§ GIVEN DATA

● ● ●

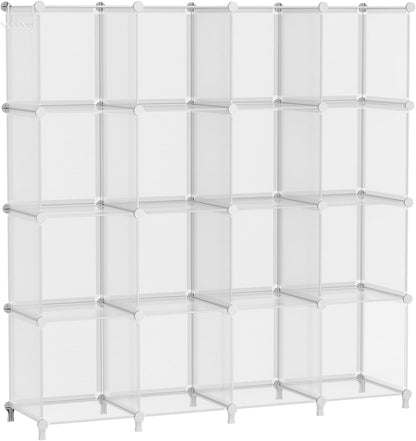 AWTATOS Cube Storage Organizer, 16 Cube Closet Organizer, Stackable Storage Cube Shelves, DIY Portable Closet Clothes Organizer Shelving for Bedroom, Closet, Wardrobe, Bathroom, White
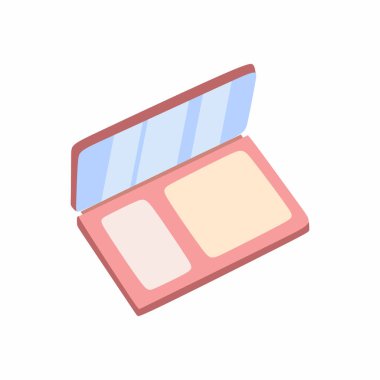 Modern düz yüz pudrası çizimi. Makyaj uygulaması tasarımı. Ölçeklenebilir vektör elemanı. Temiz çizgiler ve geometrik biçim.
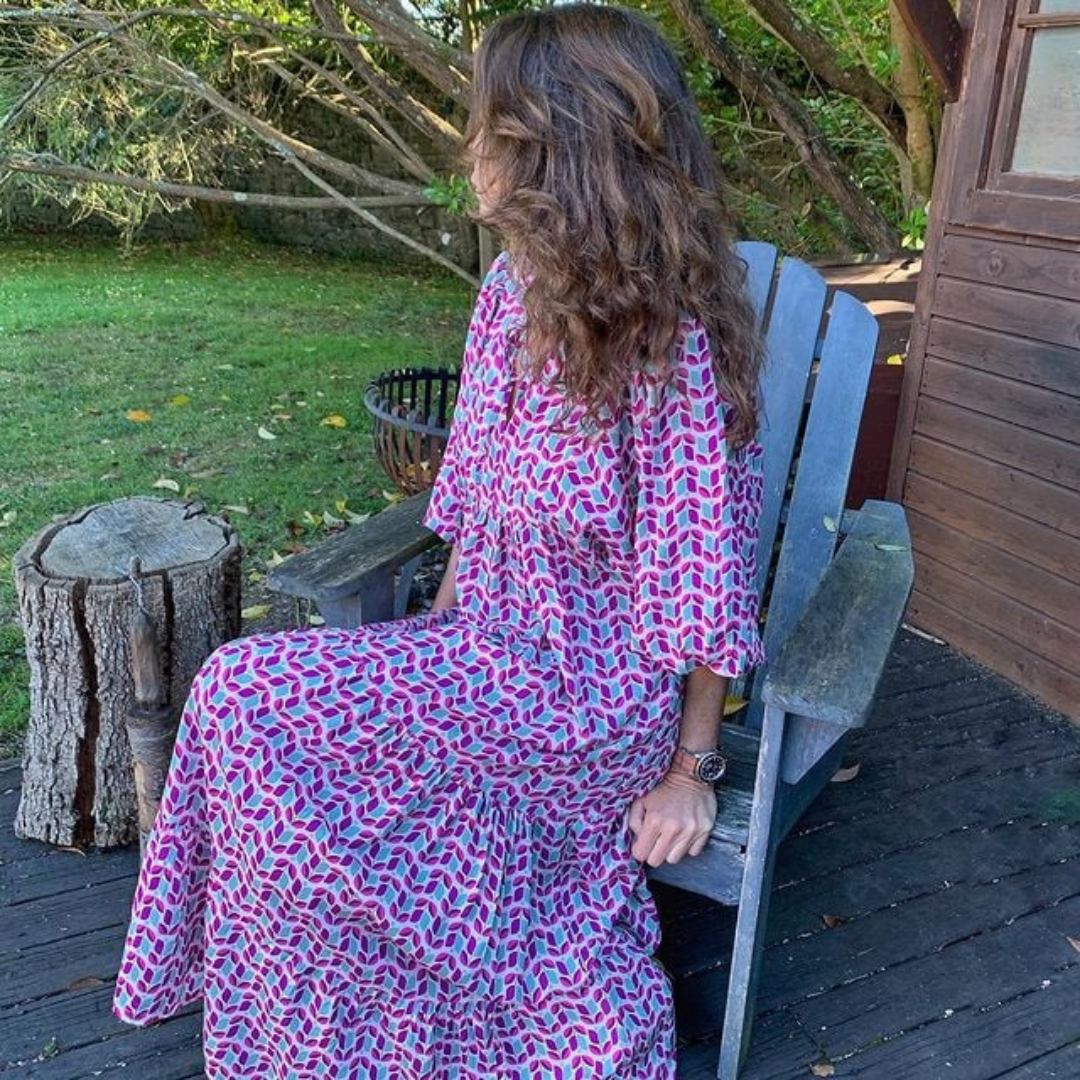 Lindsay | Women's Puff Sleeve V-Neck Bohemian Printed Maxi Dress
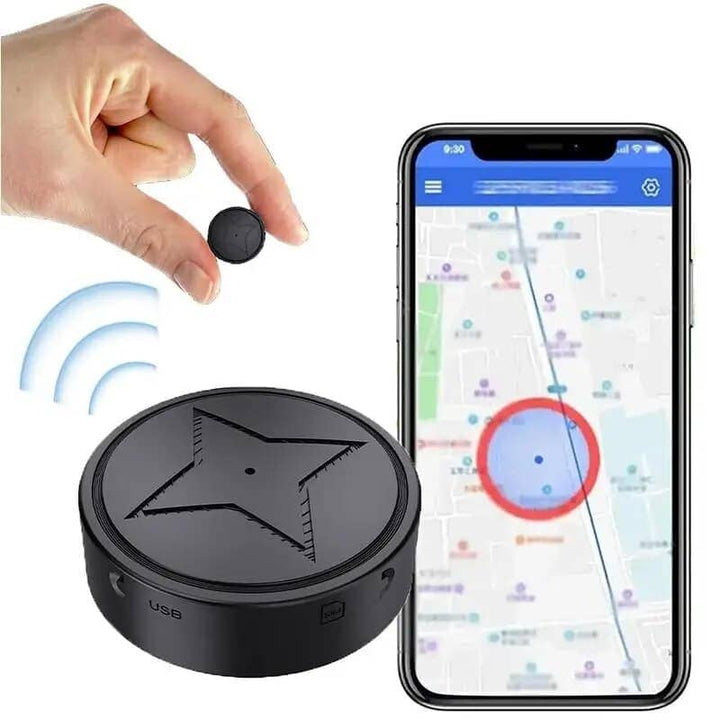 "Mini traqueur GPS compact noir avec micro intégré pour une localisation précise, fixé via une attache magnétique puissante."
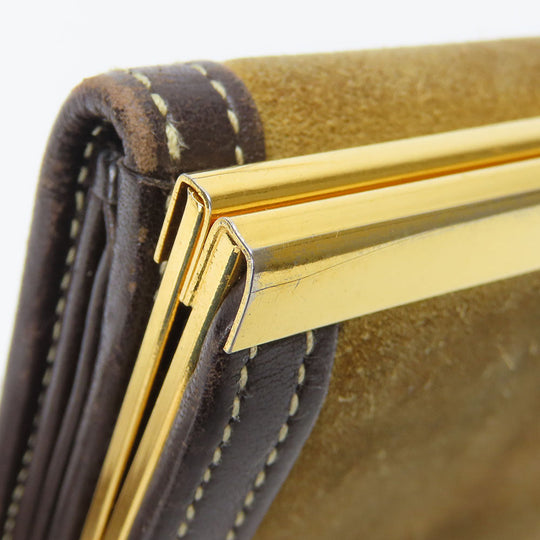 LOEWE Tri-fold wallet Suede, Leather khaki Women Used Authentic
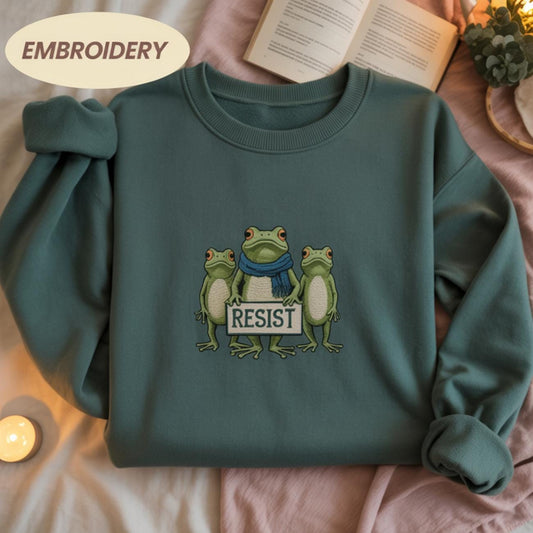 Resist Frog Embroidered Shirt, Portland Frog Resist Protest Embroidered Sweatshirt, Anti-ICE Shirt, Protest Shirt, Anti Establishment Shirt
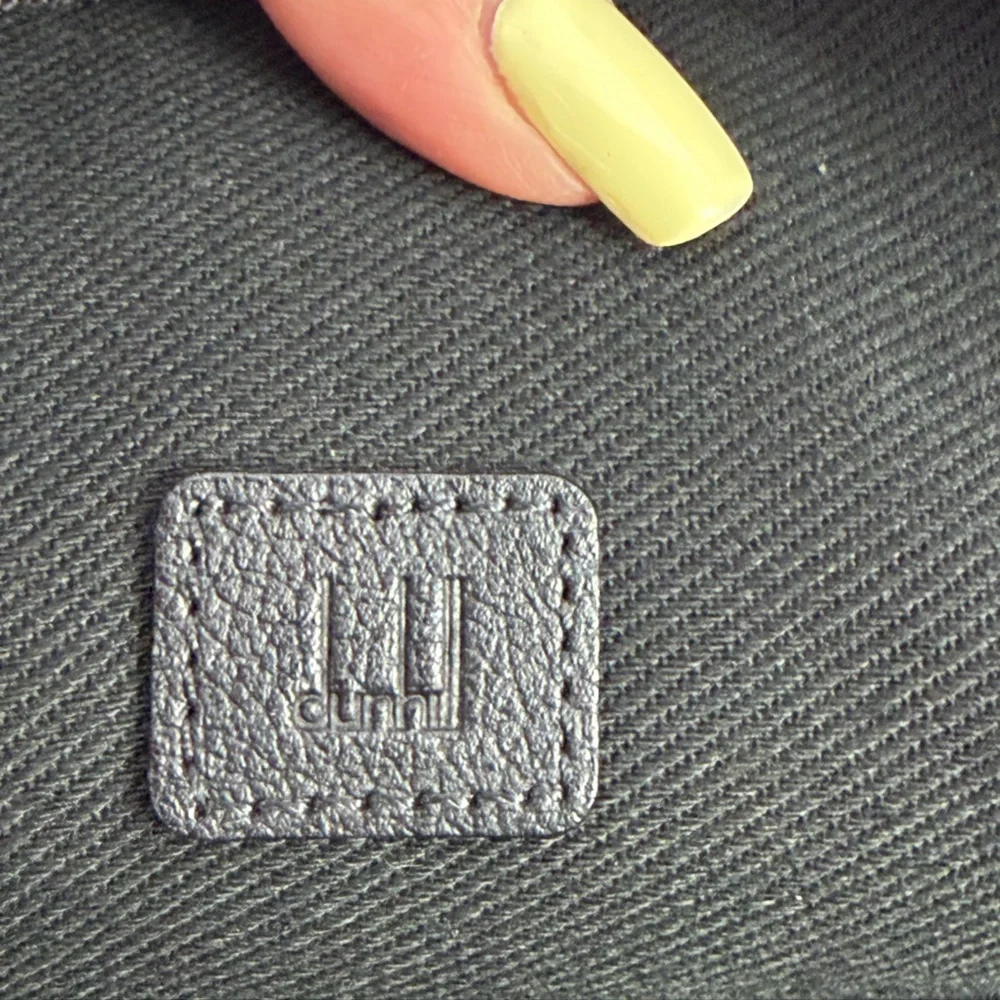 Vintage Dunhill Black Charcoal Briefcase Laptop Bag Leather Trim Strap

● ● ●

§ EXERCISE DESCRIPTION
Every line above is to be returned exactly, with its pictures removed.

§ TASK RESULT
 AWTATOS Cube Storage Organizer, 16 Cube Closet Organizer, Stackable Storage Cube Shelves, DIY Portable Closet Clothes Organizer Shelving for Bedroom, Closet, Wardrobe, Bathroom, White
 Modern düz yüz pudrası çizimi. Makyaj uygulaması tasarımı. Ölçeklenebilir vektör elemanı. Temiz çizgiler ve geometrik biçim.
 Lindsay | Women's Puff Sleeve V-Neck Bohemian Printed Maxi Dress
 "Mini traqueur GPS compact noir avec micro intégré pour une localisation précise, fixé via une attache magnétique puissante."
 LOEWE Tri-fold wallet Suede, Leather khaki Women Used Authentic
 Resist Frog Embroidered Shirt, Portland Frog Resist Protest Embroidered Sweatshirt, Anti-ICE Shirt, Protest Shirt, Anti Establishment Shirt
 Vintage Dunhill Black Charcoal Briefcase Laptop Bag Leather Trim Strap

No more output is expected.